For every variable that accepts external input, test these:

Type	Hostile Values
String	`""`, `null`, `undefined`, 10MB string, unicode (`\u0000`), `<script>`, `'; DROP TABLE--`
Number	`0`, `-1`, `NaN`, `Infinity`, `Number.MAX_SAFE_INTEGER + 1`, `1.7976931348623157e+308`
Array	`[]`, `null`, `[null]`, array with 10M elements, nested 1000 levels deep
Object	`{}`, `null`, missing required fields, extra unexpected fields, prototype pollution (`__proto__`)
File	0 bytes, 10GB, wrong MIME type, path traversal in filename (`../../etc/passwd`), symlink
Date	epoch 0, far future, far past, invalid format, timezone edge cases

The Paranoid Response Pattern

When writing error handling:

BAD (reveals system internals):
  return res.status(500).json({ error: err.message, stack: err.stack })

BAD (swallows the error):
  catch(err) { /* ignore */ }

GOOD (logs internally, returns generic externally):
  catch(err) {
    logger.error("Payment failed", { error: err, userId, orderId })
    return res.status(500).json({ error: "Payment processing failed" })
  }

Dependency Paranoia

Before adding any dependency:

Does this package actually exist? (Slopsquatting: AI invents package names)
Verify package exists on the registry -- check download count (<100 weekly = suspicious)
Compare package name character-by-character -- typosquatting and slopsquatting are real (lod-ash vs lodash)
Is it actively maintained? (Check last commit date)
Does it have known vulnerabilities? (Check npm audit / Snyk)
Do I actually need it? (Can I write 10 lines instead of adding a dep?)
Is the version pinned in the lockfile?

Security Theater Ban

Every security check must have a meaningful failure action. catch(err) {} is suppression, not security.
Never claim code is "secure." State what it defends against and what remains unprotected.

Graduated Paranoia

Not all code needs the same level of scrutiny.

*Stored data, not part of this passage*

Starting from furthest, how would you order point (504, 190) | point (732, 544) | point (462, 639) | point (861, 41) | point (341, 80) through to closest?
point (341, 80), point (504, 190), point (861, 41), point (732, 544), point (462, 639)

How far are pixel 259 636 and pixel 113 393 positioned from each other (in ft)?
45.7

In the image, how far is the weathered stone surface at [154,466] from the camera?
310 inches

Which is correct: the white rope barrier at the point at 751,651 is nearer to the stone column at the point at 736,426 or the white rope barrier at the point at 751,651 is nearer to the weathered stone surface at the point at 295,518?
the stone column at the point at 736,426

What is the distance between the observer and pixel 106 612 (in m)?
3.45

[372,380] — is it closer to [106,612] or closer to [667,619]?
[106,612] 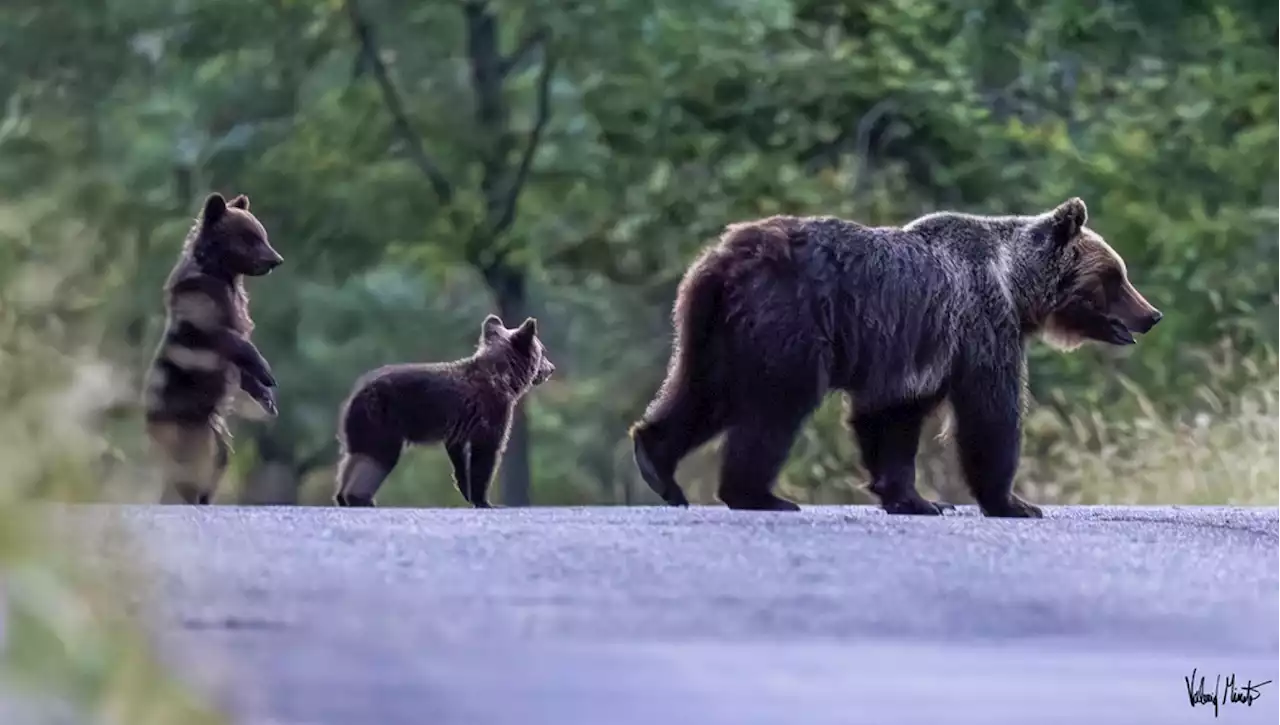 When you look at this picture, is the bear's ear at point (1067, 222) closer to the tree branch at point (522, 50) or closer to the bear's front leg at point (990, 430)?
the bear's front leg at point (990, 430)

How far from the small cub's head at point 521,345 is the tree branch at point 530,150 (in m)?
7.40

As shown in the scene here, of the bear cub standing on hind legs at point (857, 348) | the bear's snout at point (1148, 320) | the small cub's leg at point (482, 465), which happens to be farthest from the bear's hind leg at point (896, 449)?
the small cub's leg at point (482, 465)

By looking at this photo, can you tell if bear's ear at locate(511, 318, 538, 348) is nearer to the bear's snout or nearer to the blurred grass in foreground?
the bear's snout

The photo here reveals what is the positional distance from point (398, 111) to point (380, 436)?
912cm

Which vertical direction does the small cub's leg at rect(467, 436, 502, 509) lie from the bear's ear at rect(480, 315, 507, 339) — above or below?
below

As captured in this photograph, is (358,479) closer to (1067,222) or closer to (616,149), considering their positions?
(1067,222)

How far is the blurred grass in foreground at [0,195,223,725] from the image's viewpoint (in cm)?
204

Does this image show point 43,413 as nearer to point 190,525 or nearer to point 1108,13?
point 190,525

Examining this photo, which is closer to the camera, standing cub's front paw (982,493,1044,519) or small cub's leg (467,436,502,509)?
standing cub's front paw (982,493,1044,519)

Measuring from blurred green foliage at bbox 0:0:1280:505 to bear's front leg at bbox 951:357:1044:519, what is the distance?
21.9 ft

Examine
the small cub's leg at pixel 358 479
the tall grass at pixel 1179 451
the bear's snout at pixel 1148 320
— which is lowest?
the tall grass at pixel 1179 451

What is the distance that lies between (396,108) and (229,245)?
29.9 feet

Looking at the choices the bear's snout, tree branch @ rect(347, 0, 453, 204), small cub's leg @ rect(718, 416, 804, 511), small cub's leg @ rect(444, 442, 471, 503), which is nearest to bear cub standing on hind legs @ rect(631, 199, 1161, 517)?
small cub's leg @ rect(718, 416, 804, 511)

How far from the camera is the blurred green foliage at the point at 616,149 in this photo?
53.2ft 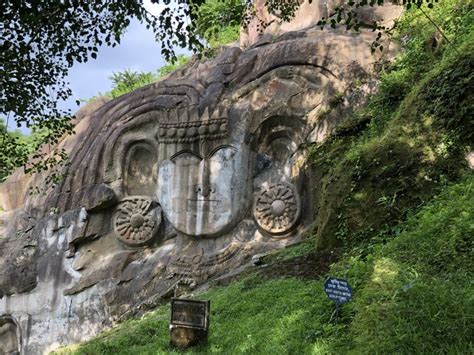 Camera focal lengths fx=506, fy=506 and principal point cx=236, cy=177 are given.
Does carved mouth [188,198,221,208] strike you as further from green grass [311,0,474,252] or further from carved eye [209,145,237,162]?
green grass [311,0,474,252]

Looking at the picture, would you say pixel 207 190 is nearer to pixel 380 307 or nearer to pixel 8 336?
pixel 8 336

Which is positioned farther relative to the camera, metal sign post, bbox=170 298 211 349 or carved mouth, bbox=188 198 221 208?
carved mouth, bbox=188 198 221 208

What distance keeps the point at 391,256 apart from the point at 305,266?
2253mm

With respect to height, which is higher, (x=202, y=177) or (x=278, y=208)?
(x=202, y=177)

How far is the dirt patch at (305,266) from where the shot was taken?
21.7 feet

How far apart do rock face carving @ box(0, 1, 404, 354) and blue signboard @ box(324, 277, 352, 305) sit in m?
5.01

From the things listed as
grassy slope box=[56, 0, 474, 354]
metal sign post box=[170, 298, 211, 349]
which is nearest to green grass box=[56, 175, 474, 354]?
grassy slope box=[56, 0, 474, 354]

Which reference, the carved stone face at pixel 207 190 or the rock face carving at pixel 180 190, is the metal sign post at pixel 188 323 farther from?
the carved stone face at pixel 207 190

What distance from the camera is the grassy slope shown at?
3.82 m

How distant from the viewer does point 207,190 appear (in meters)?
10.8

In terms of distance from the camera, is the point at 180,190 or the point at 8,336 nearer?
the point at 180,190

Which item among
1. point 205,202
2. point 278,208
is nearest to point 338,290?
point 278,208

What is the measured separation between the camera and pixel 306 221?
32.6 ft

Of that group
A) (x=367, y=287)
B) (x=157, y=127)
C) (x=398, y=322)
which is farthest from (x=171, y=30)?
(x=157, y=127) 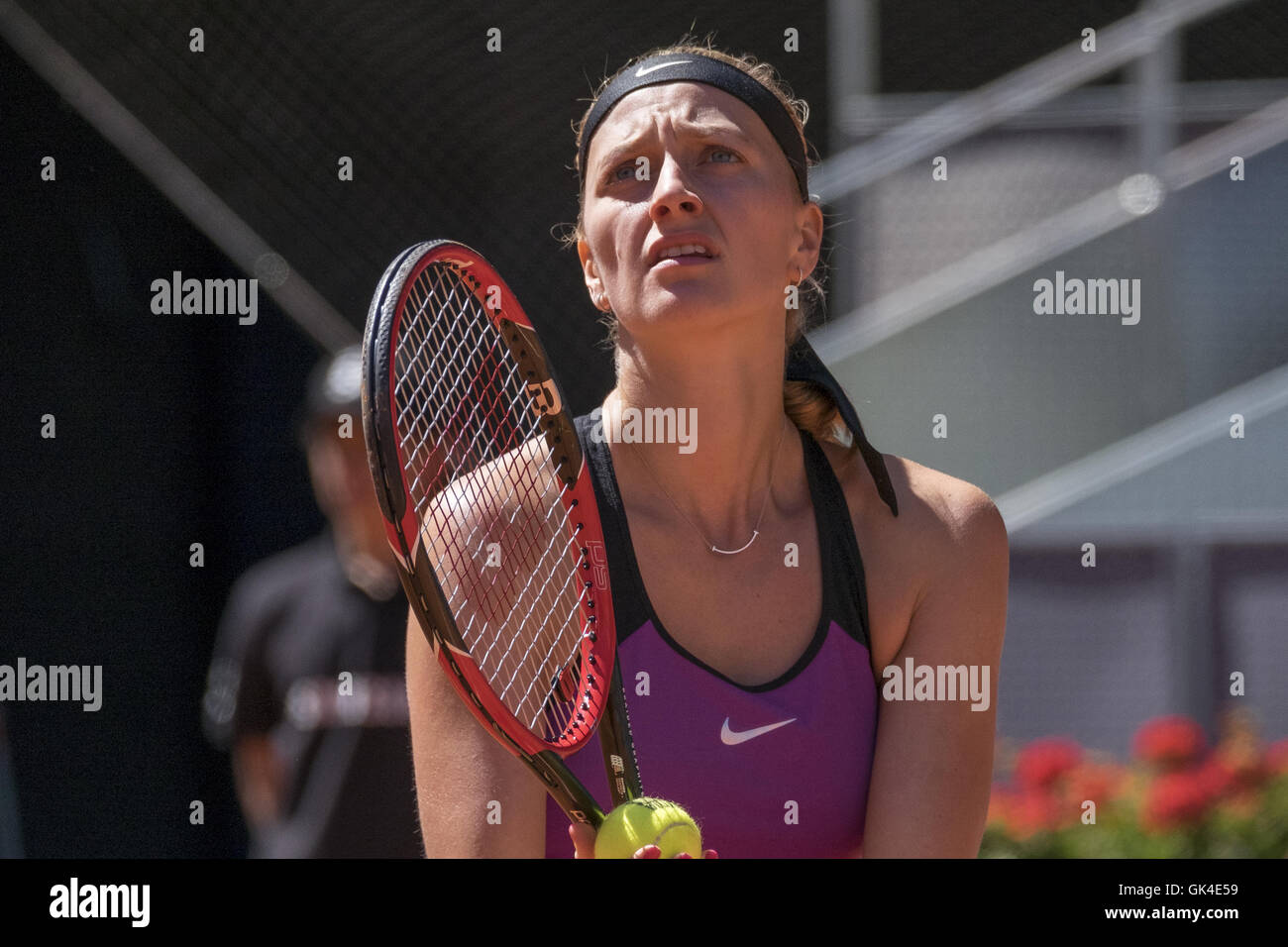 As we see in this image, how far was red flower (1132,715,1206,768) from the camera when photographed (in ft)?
9.23

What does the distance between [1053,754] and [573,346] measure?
3.92 ft

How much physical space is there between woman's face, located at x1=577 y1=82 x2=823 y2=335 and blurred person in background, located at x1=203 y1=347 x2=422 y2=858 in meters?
1.08

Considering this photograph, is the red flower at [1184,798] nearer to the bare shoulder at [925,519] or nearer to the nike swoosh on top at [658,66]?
the bare shoulder at [925,519]

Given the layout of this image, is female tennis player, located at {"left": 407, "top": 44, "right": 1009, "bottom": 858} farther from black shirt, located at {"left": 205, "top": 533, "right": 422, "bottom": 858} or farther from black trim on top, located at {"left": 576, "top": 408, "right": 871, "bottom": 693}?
black shirt, located at {"left": 205, "top": 533, "right": 422, "bottom": 858}

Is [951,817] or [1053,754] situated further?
[1053,754]

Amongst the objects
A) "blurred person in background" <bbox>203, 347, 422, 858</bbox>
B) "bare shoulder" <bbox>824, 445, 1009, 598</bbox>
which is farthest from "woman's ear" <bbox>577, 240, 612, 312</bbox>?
"blurred person in background" <bbox>203, 347, 422, 858</bbox>

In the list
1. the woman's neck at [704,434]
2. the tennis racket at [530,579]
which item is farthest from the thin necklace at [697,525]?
the tennis racket at [530,579]

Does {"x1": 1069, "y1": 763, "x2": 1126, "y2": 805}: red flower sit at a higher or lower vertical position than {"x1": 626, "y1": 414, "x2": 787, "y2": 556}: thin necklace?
lower

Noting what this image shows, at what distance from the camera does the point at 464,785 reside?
1542 millimetres

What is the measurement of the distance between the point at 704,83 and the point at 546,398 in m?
0.38

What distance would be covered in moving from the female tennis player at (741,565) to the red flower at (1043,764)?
3.93ft

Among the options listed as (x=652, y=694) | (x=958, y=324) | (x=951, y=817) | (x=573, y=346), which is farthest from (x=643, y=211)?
(x=958, y=324)

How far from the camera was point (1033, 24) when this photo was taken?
10.6 ft

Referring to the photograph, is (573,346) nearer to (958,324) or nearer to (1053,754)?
(958,324) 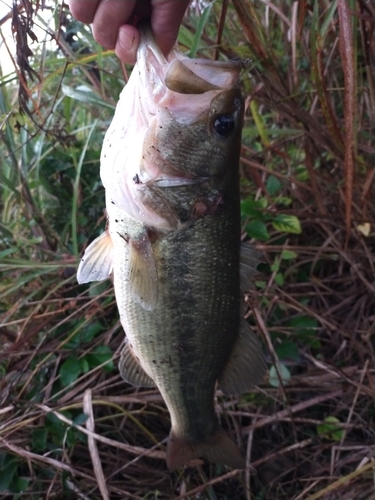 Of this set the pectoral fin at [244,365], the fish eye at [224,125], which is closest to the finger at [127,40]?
the fish eye at [224,125]

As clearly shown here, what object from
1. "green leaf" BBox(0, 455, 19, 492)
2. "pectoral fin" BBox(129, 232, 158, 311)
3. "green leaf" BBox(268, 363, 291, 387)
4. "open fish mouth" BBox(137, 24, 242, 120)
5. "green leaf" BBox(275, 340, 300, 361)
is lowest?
"green leaf" BBox(268, 363, 291, 387)

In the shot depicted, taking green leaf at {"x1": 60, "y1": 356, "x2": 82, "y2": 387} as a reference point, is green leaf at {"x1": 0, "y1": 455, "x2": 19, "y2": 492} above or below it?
below

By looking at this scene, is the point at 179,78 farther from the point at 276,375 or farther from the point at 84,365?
the point at 276,375

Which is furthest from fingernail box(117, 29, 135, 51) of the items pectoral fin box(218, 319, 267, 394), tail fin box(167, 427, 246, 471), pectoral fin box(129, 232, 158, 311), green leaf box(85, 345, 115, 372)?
green leaf box(85, 345, 115, 372)

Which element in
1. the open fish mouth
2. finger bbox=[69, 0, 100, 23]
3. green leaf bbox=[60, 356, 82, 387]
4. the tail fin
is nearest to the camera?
the open fish mouth

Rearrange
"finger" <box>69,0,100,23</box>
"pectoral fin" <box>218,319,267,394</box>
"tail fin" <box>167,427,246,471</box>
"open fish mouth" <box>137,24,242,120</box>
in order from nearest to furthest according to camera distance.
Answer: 1. "open fish mouth" <box>137,24,242,120</box>
2. "finger" <box>69,0,100,23</box>
3. "pectoral fin" <box>218,319,267,394</box>
4. "tail fin" <box>167,427,246,471</box>

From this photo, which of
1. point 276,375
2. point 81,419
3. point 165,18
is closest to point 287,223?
point 276,375

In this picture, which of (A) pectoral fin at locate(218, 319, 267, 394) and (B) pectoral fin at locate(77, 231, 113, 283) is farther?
(A) pectoral fin at locate(218, 319, 267, 394)

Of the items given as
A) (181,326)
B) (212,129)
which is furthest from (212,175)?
(181,326)

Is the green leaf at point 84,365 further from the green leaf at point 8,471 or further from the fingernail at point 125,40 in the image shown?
the fingernail at point 125,40

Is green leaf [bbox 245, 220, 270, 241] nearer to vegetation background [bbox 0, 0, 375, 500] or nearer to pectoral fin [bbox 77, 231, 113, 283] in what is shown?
vegetation background [bbox 0, 0, 375, 500] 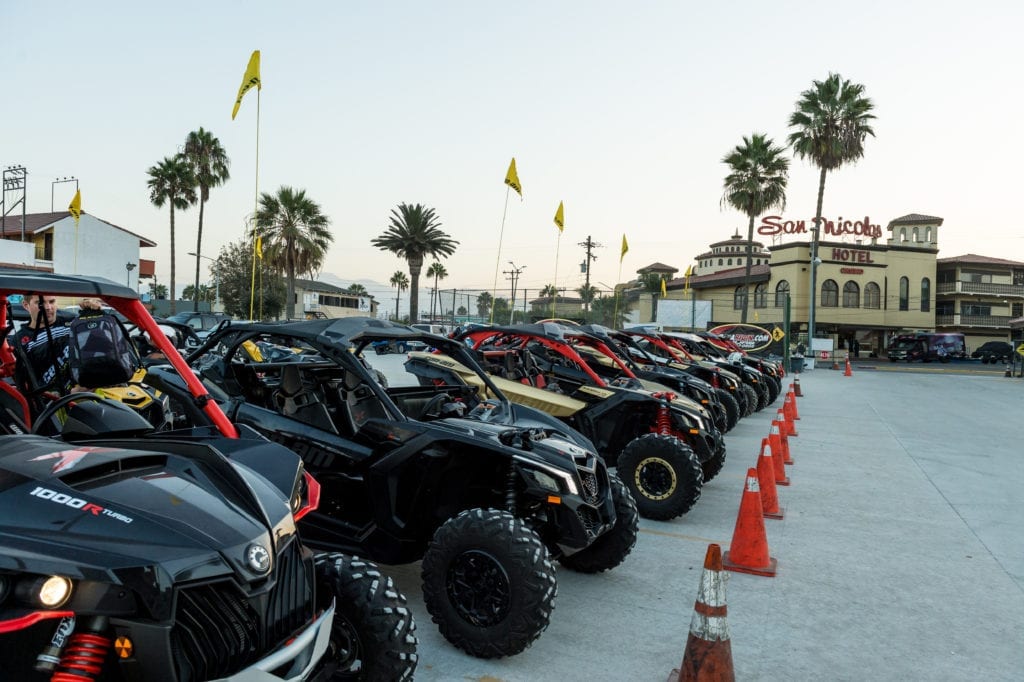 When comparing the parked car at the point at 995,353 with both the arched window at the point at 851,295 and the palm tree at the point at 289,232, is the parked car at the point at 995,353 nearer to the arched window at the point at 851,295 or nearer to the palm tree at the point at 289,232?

Apply paranoia proportionally:

Boundary	Paranoia Level	What to Check
External boundary (HTTP handler, public API, webhook)	FULL	Every check in this document
Internal boundary (service-to-service, module interface)	MEDIUM	Validate types and nulls, check authorization
Test code	MINIMAL	Only validate test setup correctness
Build/migration scripts	MEDIUM if touching prod data, MINIMAL otherwise	Data integrity, idempotency

Output Format

When presenting your code, explicitly call out:

What you validated and why
What attack vectors you considered
What edge cases you handled
What you chose NOT to handle and why (time constraints, trusted context, etc.)

Universal Safety Rails

Loop Detection: 3 same-error retries = STOP, change approach
Anti-Sycophancy: If user's request would produce broken/insecure code, say so first
Hallucination Check: Verify APIs/packages/flags exist before using them
Context Budget: Checkpoint to file when >50% context used

Activation Triggers

ACTIVATE when user says:

"paranoid"
"security first"
"harden this"
"assume hostile input"
"what could go wrong"
"make this production-safe"
"defensive coding"

STAY IN PARANOID MODE for the entire task. Every external boundary gets the full treatment.